Europas ältester Naturkostladen muss schließen. Das Schöneberger Geschäft kommt gegen die Konkurrenz der Supermärkte nicht an

Ende Juni ist Schluss. Im Schaufenster weisen große Plakate auf den Ausverkauf hin. 20 Prozent auf alle Waren, außer Frischwaren. Der älteste Bioladen Europas muss seine Pforten schließen. „Uns ist finanziell die Luft ausgegangen. Es tut weh, alles aufzugeben“, sagen Florence Spitz und Ronald Brauer, Inhaber des „Lebensbaum Naturwaren Ladens“ in der Winterfeldtstraße in Schöneberg. Alle zwölf Mitarbeiter wurden vor sechs Monaten entlassen, seither bewirtschaften beide den 200-Quadratmeter-Laden allein. Der Geschäft ist ausgerechnet ein Opfer der Nachfrage von immer mehr Kunden nach ökologischen Lebensmitteln. „Seit dem Bio-Boom bleiben die Kunden weg“, sagt Ronald Brauer. Den Umsatzrückgang von 75 Prozent führen die beiden Besitzer auf die Eröffnung eines großen Bio-Supermarktes in der unmittelbaren Nähe zurück. „Die marktbeherrschende Stellung der Bio-Ketten lässt einem keine Chance“, sagt die 55-jährige Besitzerin.

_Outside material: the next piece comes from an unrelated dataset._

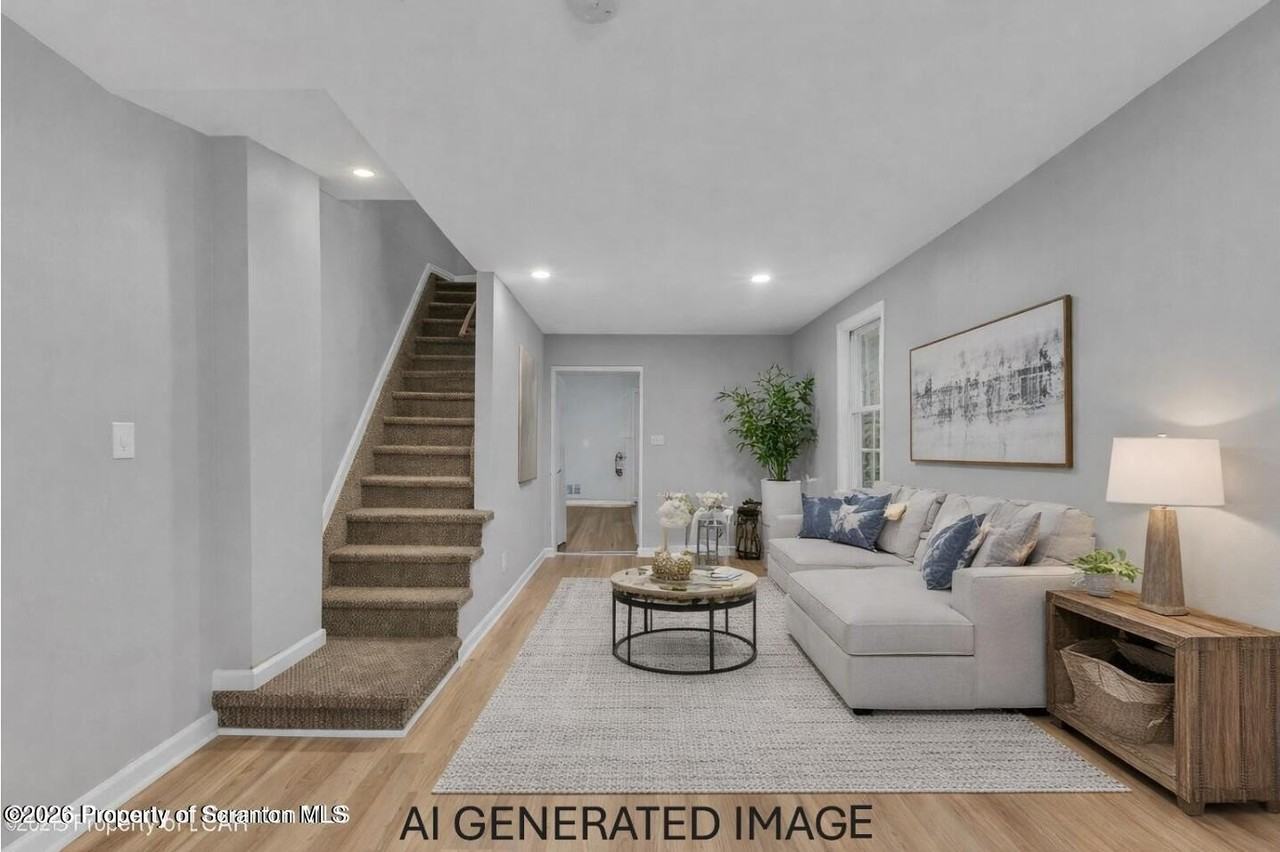 1009 W Lackawanna Ave - Photo 3 of 23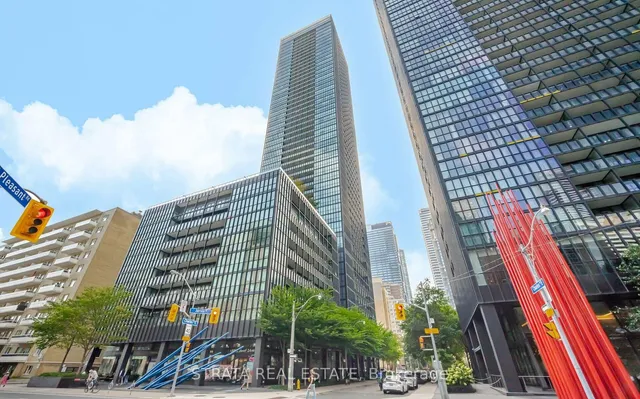 Additional image 34 of 101 Charles St Unit 4608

Doch der anhaltende Bio-Boom begründet sich nicht nur auf einer fachkundigen Beratung, mit der sich Bioläden schon früh profilierten. Mehr und mehr tritt das Kundenbedürfnis nach Auswahl auch in den Vordergrund. Neue Bio-Supermärkte bieten eine große Auswahl auch an Bio-Fleisch. Doch der „Lebensbaum Naturwaren Laden“ folgte diesem Trend nicht. „Als Vegetarier haben wir es nie in Erwägung gezogen, auch Bio-Fleisch bei uns im Laden anzubieten“, sagt Florence Spitz.

Der erste Bioladen wurde 1971 in der Schöneberger Pallasstraße gegründet und gilt als erster europaweit. Bio war damals noch ein Lebensstil: Mitte der Siebzigerjahre wurde der Laden von der Yoga-Organisation Ananda Marga unter dem Namen „Peace Food“ betrieben. Die Lehre der 1955 in Indien gegründeten Yoga-Organisation basiert im Wesentlichen auf dem Tantra und Ashtanga-Yoga. Die Ananda Margis ernähren sich „sattvisch“, sie leben vegetarisch und verzichten auf Eier, Pilze, Lauchgewächse wie Knoblauch und Zwiebeln sowie sämtliche Drogen. Und so umfasste das Angebot von „Peace Food“ damals vorwiegend Körner, aber auch Trockenfrüchte und ein paar makrobiotische Spezialitäten. Räucherstäbchen, Umweltpapier und Kerzen erweiterten das Sortiment. Florence Spitz übernahm 1989 den Bioladen. Ende der Achtzigerjahre firmierte der Laden damals schon unter anderem Namen: „Lebensbaum Naturkost Laden“. Das damalige Warensortiment wurde um Naturwaren wie Bio-Kosmetik und ökologische Reinigungsmittel erweitert.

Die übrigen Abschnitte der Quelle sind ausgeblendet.